I mixed sesame, flax, pumpkin, and sunflower. I've taken a million pictures of his legs and neck since he started losing hair and it's really hard to tell if any is growing back because his fur is so close to the color of his skin. When we went outside this morning I could really tell it was getting thicker. I'm not expecting a miracle but even if half of it comes back I'll be thrilled!


----------



## magicre (Apr 7, 2010)

that's what i said. i took pics every day and then realised that was a little obsessive...oh wait, i AM a little obsessive...but now, six weeks later, not only am i sure, my groomer is sure and i am once again vacuuming daily the pug and corgi fur.

yay for you.


----------



## CorgiPaws (Mar 31, 2009)

that's fantastic news! Refresh my memory on what the seed mixture is, how much you're feeding, and how you're feeding it?
I'm sold on it, I'd love to understand it so I can help people that come to my business.


----------



## Donna Little (May 31, 2011)

I just copied what Re was doing. Equal parts of flax, sunflower, pumpkin and sesame. I haven't really measured it but just take a pinch of it and put that on their meals. Obviously it helps. He was my only dog too that fish oil didn't seem to agree with. I give fish oil to all the others as well as a pinch of seeds. I'm not gonna question what's going on but will just enjoy the results!


----------



## CorgiPaws (Mar 31, 2009)

Donna Little said:


> I just copied what Re was doing. Equal parts of flax, sunflower, pumpkin and sesame. I haven't really measured it but just take a pinch of it and put that on their meals. Obviously it helps. He was my only dog too that fish oil didn't seem to agree with. I give fish oil to all the others as well as a pinch of seeds. I'm not gonna question what's going on but will just enjoy the results!


do you smash or grind them or anything?


----------



## Donna Little (May 31, 2011)

PuppyPaws said:


> do you smash or grind them or anything?

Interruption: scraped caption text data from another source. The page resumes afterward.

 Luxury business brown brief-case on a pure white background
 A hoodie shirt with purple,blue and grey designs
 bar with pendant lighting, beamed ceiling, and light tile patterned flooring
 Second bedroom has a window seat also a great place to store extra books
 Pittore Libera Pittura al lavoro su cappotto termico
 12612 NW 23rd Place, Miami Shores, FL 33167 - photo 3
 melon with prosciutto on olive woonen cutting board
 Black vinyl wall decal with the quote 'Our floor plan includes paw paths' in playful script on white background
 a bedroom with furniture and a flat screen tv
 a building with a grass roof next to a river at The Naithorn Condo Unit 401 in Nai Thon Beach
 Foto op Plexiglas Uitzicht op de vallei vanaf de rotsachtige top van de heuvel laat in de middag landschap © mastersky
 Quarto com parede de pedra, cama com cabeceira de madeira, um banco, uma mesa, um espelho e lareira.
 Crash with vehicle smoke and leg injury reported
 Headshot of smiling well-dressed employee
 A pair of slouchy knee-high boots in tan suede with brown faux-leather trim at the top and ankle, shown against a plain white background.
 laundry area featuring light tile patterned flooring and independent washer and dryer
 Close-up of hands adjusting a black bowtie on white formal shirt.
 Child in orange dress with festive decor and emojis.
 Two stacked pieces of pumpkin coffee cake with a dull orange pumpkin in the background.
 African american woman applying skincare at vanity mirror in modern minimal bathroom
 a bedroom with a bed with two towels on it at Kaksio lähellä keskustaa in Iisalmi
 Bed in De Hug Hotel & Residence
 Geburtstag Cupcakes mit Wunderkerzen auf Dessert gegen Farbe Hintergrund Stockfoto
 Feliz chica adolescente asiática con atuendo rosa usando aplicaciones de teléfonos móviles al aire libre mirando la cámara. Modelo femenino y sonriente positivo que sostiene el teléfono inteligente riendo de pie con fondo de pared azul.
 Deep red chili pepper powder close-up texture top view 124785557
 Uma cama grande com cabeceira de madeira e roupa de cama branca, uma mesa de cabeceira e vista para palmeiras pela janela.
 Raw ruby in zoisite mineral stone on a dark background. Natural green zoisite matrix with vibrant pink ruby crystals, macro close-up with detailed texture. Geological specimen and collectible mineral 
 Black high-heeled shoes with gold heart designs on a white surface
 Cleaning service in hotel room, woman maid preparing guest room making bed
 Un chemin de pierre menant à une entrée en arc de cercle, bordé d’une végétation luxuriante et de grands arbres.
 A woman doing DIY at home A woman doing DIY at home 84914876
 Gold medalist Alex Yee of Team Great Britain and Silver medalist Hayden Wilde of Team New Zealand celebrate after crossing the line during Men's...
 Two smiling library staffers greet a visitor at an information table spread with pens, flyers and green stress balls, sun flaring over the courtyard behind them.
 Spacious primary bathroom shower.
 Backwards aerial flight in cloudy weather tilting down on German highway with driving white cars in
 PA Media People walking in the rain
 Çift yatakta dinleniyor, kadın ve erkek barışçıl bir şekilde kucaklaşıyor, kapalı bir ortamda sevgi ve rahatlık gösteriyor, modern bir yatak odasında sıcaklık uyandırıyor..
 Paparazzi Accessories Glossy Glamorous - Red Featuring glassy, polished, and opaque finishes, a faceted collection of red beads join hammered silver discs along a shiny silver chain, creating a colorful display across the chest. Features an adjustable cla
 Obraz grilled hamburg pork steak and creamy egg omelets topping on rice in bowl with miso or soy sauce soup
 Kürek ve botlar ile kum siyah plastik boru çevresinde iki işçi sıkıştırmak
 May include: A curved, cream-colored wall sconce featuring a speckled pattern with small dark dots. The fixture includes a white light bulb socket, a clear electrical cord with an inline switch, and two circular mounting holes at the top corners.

I have a Magic Bullet, similar to a coffee grinder, and run them through that.


----------



## magicre (Apr 7, 2010)

donna's right.

i used 1/4 cup of each seed (pumpkin/flax/sunflower/sesame) and i grind them using my little cuisinart coffee grinder. i keep it in my freezer. (not the cuisinart - the seed mix)

if i remember, they get about a 1/2 teaspoon....but i use my fingers so it's more of a sprinkling...some days, a little more or less than others. i don't think this is an exact science.

i think chia seeds can also be used because they are second to flax for being so high in omega threes.

even your danes would only get a sprinkling...maybe a teaspoon...it's not so much about quantity...this is one that i believe more is not always better..

but they are all high in omega threes and apparently something is getting through because fur is coming in thick and lush.

i also use olive oil....because i'm using turmeric and freshly grated ginger for malia's old injury that is coming back to haunt her. these are anti inflammatories...and i just don't want to put her on nsaids or pain killers.


----------